*** DATASET EXCERPTS ***

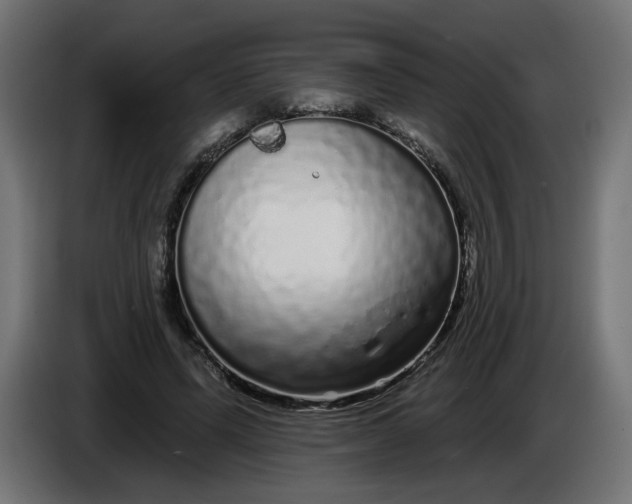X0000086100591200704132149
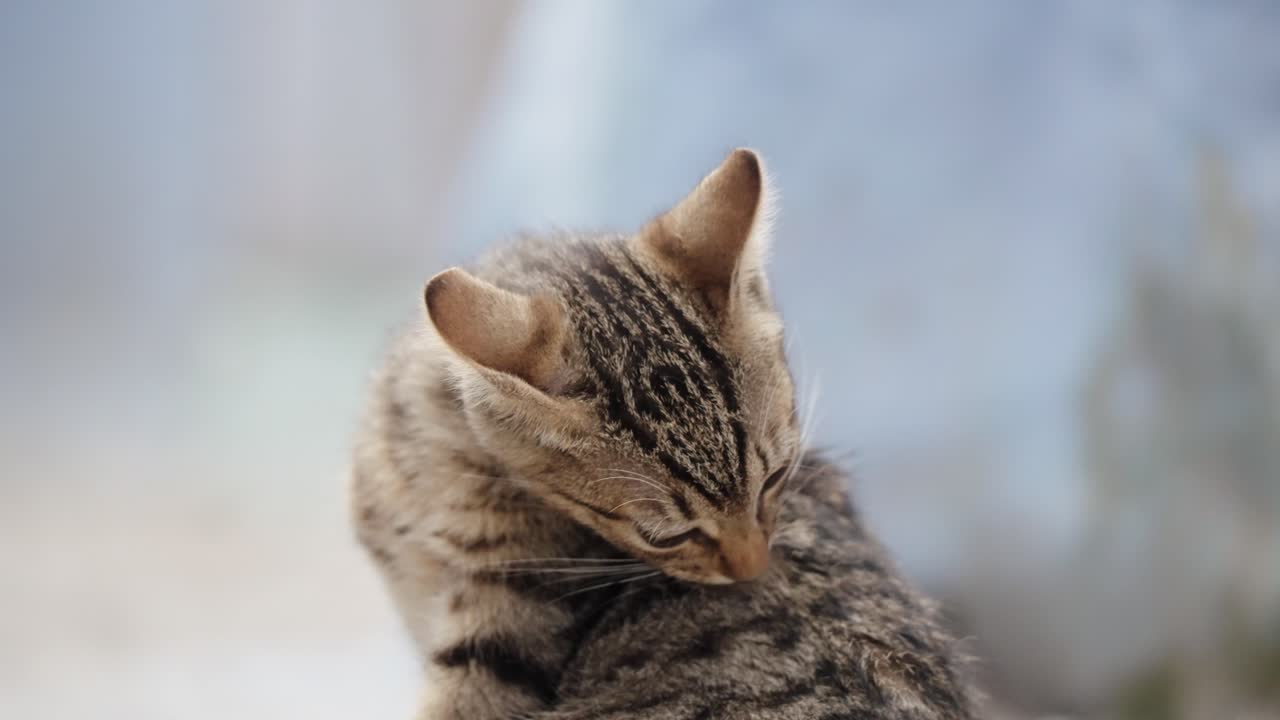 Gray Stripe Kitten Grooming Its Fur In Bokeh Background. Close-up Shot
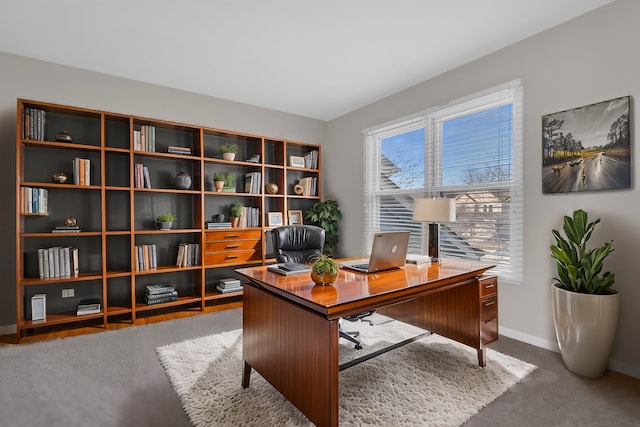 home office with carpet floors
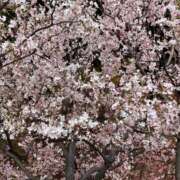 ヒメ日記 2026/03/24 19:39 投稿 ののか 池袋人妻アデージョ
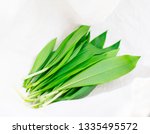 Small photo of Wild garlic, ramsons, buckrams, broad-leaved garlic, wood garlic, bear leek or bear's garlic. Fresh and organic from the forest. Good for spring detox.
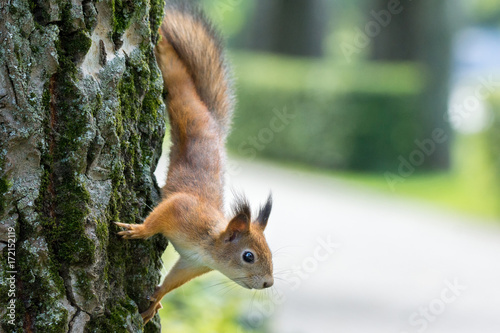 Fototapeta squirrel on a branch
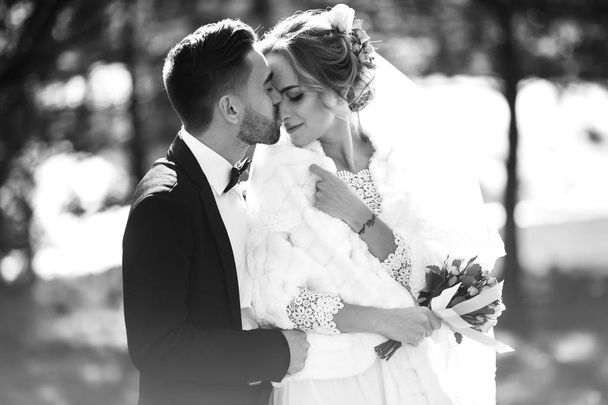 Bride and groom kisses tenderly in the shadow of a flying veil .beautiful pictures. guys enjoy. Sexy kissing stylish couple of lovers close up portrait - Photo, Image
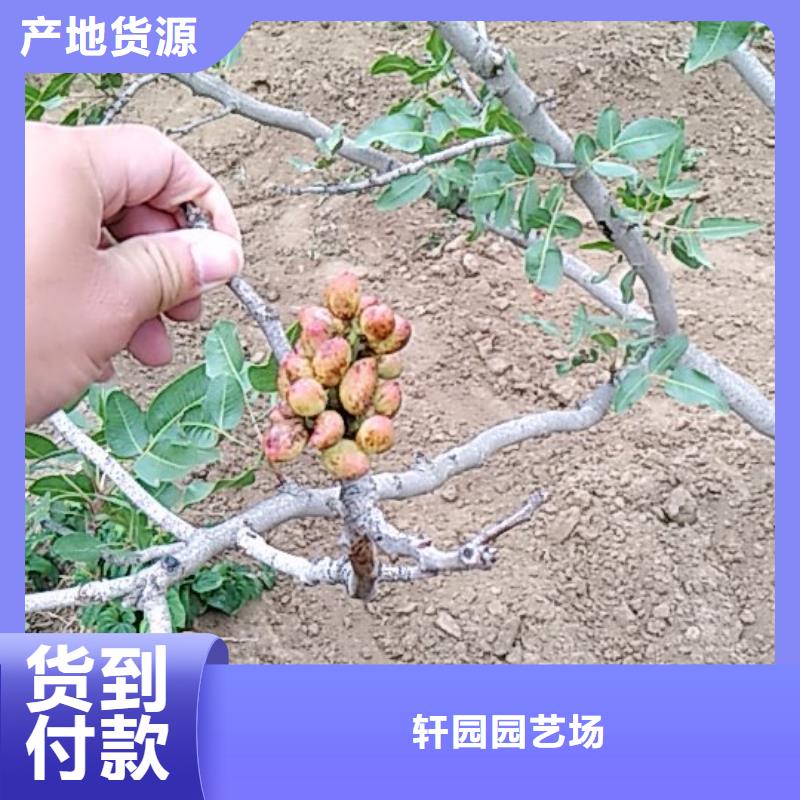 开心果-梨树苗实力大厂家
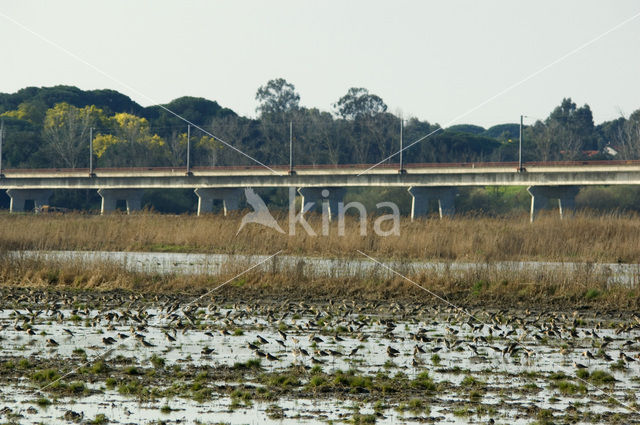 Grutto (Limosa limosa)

*** End of DATASET EXCERPTS ***
*** DATASET EXCERPTS ***

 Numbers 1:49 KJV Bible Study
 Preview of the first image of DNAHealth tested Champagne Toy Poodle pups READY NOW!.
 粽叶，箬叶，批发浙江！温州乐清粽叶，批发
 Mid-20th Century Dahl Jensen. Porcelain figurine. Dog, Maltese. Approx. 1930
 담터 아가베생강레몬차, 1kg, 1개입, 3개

*** End of DATASET EXCERPTS ***
*** DATASET EXCERPTS ***

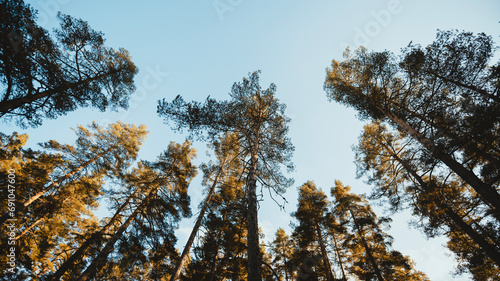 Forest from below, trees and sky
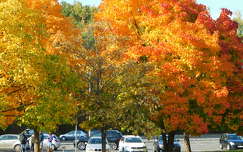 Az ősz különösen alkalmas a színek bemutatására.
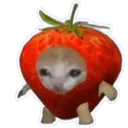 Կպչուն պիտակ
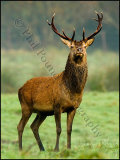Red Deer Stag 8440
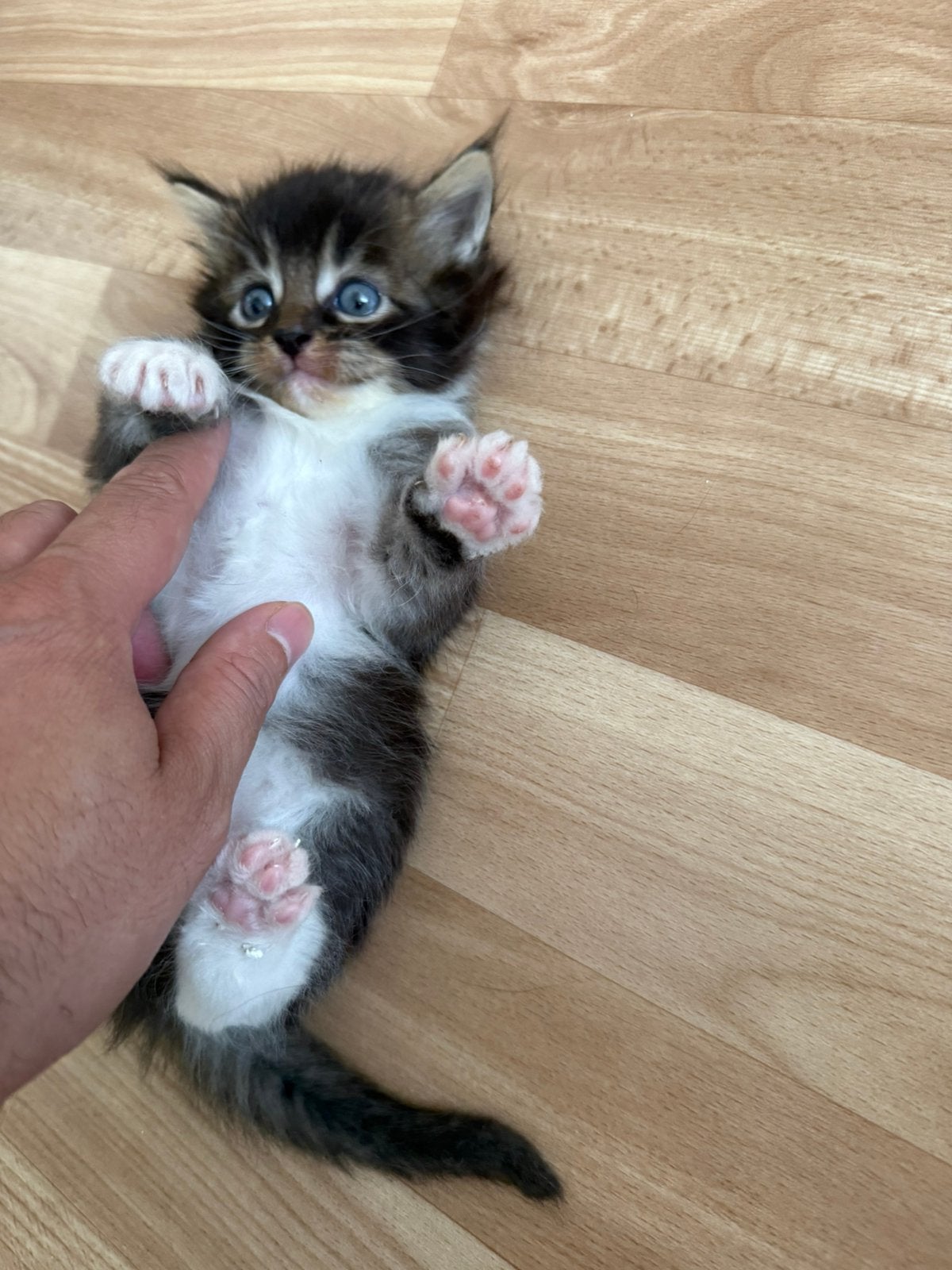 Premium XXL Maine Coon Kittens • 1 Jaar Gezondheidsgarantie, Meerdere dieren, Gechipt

*** End of DATASET EXCERPTS ***

EXERCISE INSTRUCTIONS:
In the entries above, find the line with "X0000086100591200704132149" and the line with "Grutto (Limosa limosa)". Return exactly those lines and all the ones between them, pictures excluded.

SOLUTION TO THIS EXERCISE:
X0000086100591200704132149
 Gray Stripe Kitten Grooming Its Fur In Bokeh Background. Close-up Shot
 home office with carpet floors
 ヒメ日記 2026/03/24 19:39 投稿 ののか 池袋人妻アデージョ
 Small photo of Wild garlic, ramsons, buckrams, broad-leaved garlic, wood garlic, bear leek or bear's garlic. Fresh and organic from the forest. Good for spring detox.
 Fototapeta squirrel on a branch
 Bride and groom kisses tenderly in the shadow of a flying veil .beautiful pictures. guys enjoy. Sexy kissing stylish couple of lovers close up portrait - Photo, Image
 开心果-梨树苗实力大厂家
 Grutto (Limosa limosa)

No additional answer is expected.